14. At first, it may seem that qualisigns refute this idea, since they consist in qualities which are Signs, but may not be physically instantiated. But a qualisign only functions as a Sign if physically instantiated in a sinsign (see CP 2.244). It is important to take in due account that we assumed above that physical instantiation is necessary for the active mode of being of a Sign. It is the case, then, that a qualisign can only be active when it is physically instantiated in a sinsign. The idea of a "potential Sign", i.e., that an entity or a process is a Sign if it is potentially capable of producing Interpretants, does not create difficulties for this view too, since a system should be physically embodied even to potentially show semiosis. According to the model developed above, if a semiotic system has the potentiality of showing a given semiotic process, it can only have this potentiality if it is a physically realized system which can establish boundary conditions for the actualization of that potential semiotic process. If we claim that a Sign can exist as a potential entity or process, we should be committed to the idea that, given a set of conditions a, b, c, . . . , n, that Sign would be capable of engaging in semiosis, producing Interpretants. It remains potential while those conditions are not fulfilled. Whenever those conditions are fulfilled, that Sign will turn from potentiality to actuality.

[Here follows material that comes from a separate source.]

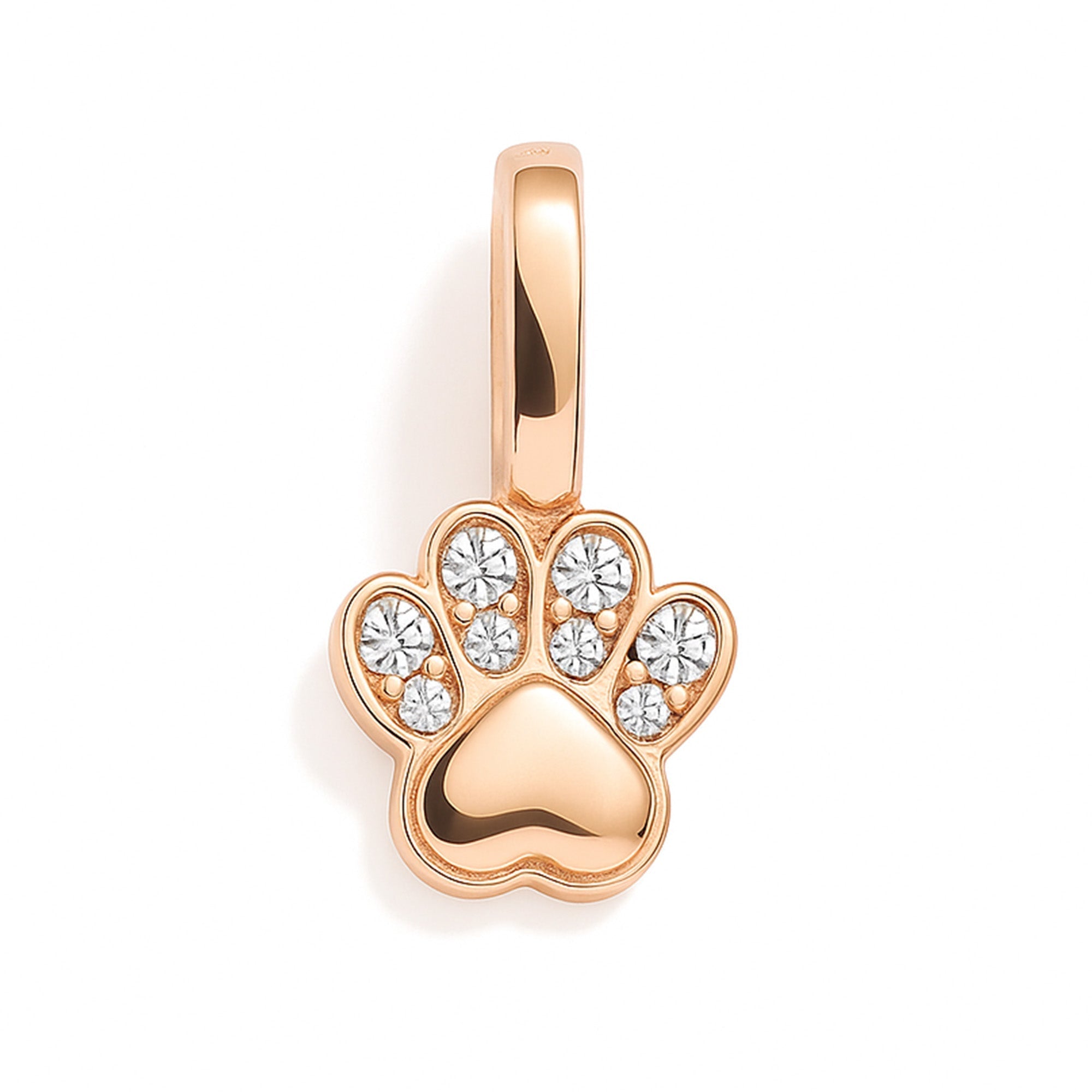 Charm - Patte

As this can only happen, according to the model presented here, when boundary conditions guide the actualization of the Sign, and boundary conditions, in turn, are established in physically embodied systems, then, even as potentiality, the action of Signs presupposes physically extended systems.

15. Notice that, even if one assumes that there can be semiosis before the emergence of semiotic systems, the Sign processes at stake would still have to be physically [End Page 115] instantiated or realized in one way or another, since Sign processes are relationally extended within the spatiotemporal dimension no matter if they involve semiotic systems or not.

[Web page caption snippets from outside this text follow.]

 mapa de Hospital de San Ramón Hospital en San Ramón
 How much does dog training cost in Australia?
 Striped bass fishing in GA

16. For further discussions about synechism, see Parker (1998), Potter (1997), Murphey (1993).

17. See Morgan (1923), Blitz (1992). The theses were named by Blitz.

18. We would rather say 'variational evolution'.

19. To understand our argument in a clear way, it is very important to avoid conflating synchronic with diachronic determination. We claim here that a Peircean framework accommodates a thesis of synchronic determination, while denying any claim of diachronic determination.

20. Notice that while discussing the logical relations between elements and triads, we are working in the domain of Speculative Grammar, the study of the "general conditions of signs being signs" (CP 1.444). For Houser (1997: 9), "the logician who concentrates on speculative grammar investigates representation relations (signs), seeks to work out the necessary and sufficient conditions for representing, and classifies the different possible kinds of representation."

21. The distinction between material and formal properties was clearly established by Peirce after 1885 (see Kent 1997, p. 448).

22. For an introduction on phenomenology, normative sciences and metaphysics, see De Waal (2001), Parker (1998).

23. About the demonstration of the irreducibility of a triadic relation, see Ketner (1986); Brunning (1997); Burch (1991, 1997).